A new JS SDK from Mofa Nebula replaces high-bandwidth video streams with a parameter-stream architecture: the cloud sends lightweight motion and voice data, and the browser renders the 3D avatar locally. The result is a talking digital human with roughly 500ms end-to-end latency that runs on ordinary web devices, not just powerful GPUs.
Integration takes three steps—load the script, initialize with an App ID and Secret, and call `speak()`. The SDK handles TTS, lip-sync, facial expressions, and body movement automatically. State-control APIs (`idle()`, `interactiveidle()`, `think()`) let the avatar switch between listening, processing, and speaking, while `speak()` accepts SSML to trigger named actions like waving or dancing mid-sentence.

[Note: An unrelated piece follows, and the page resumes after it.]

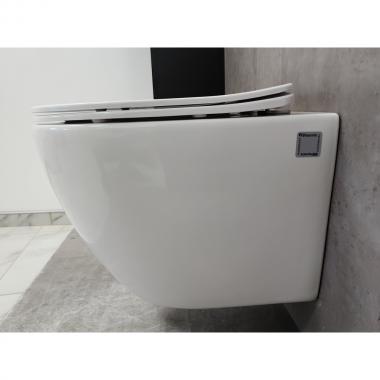 Инсталляция TECE 9400412 + унитаз Bloomix Trend 3.0 AD1203T/UF1 безободковый торнадо Ceramic+ с сиденьем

Hooking this up to DeepSeek's chat API produces a fully interactive AI companion. The demo uses a non-streaming call for simplicity, but the SDK supports true streaming by passing `is_start` and `is_end` flags across multiple `speak()` invocations. An interrupt button calls `interactiveidle()` to stop the current utterance immediately, and `onVoiceStateChange` callbacks let application logic react when speech begins or ends. Browser microphone access and a speech-recognition service would close the loop for voice-in, voice-out interaction.
Parameter-stream architectures shift the cost model for 3D avatars from per-minute video bandwidth to a one-time resource download plus tiny data packets, which is what makes sub-second latency feasible on a plain browser.

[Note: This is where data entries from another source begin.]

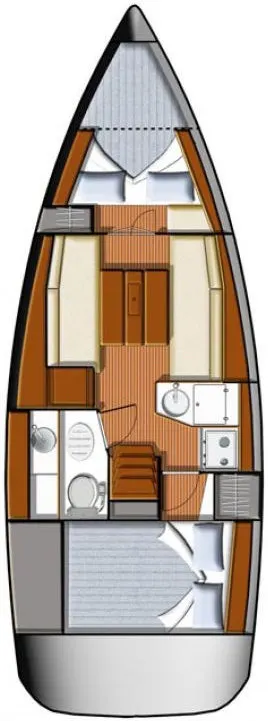 Deck plan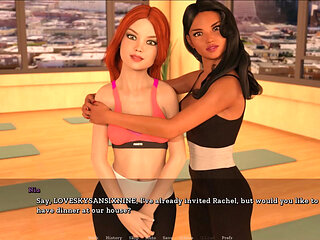 Step Sisterly Lust Part 10 Gameplay by Loveskysan69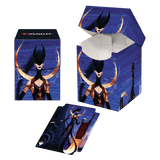 Wilds of Eldraine Ashiok, Wicked Manipulator (Adventure Frame) 100+ Deck Box for Magic: The Gathering | Ultra PRO International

The SDK's state machine—idle, thinking, speaking, interrupted—mirrors the turn-taking mechanics of human conversation. Getting this right is what separates a convincing companion from a janky text-to-speech demo.
SSML-triggered actions are a pragmatic bridge between pure NLP and embodied expression: the language model doesn't need to output joint angles, just semantic intent tags that the renderer already knows how to animate.
Streaming speech synthesis with interruption is a deceptively hard problem. The `is_start`/`is_end` flag pattern lets the SDK buffer and concatenate audio chunks without glitching, while `interactiveidle()` provides a clean abort path.
Voice-in, voice-out closes the loop but introduces ASR latency and error. The article's decision to defer that to a separate piece is honest—speech recognition in noisy environments is its own deep engineering challenge.
Building this with Trae (an AI coding assistant) for UI iteration while hand-writing the SDK integration logic is a realistic picture of 2025 development: AI accelerates boilerplate, but wiring real-time, stateful APIs still demands human judgement.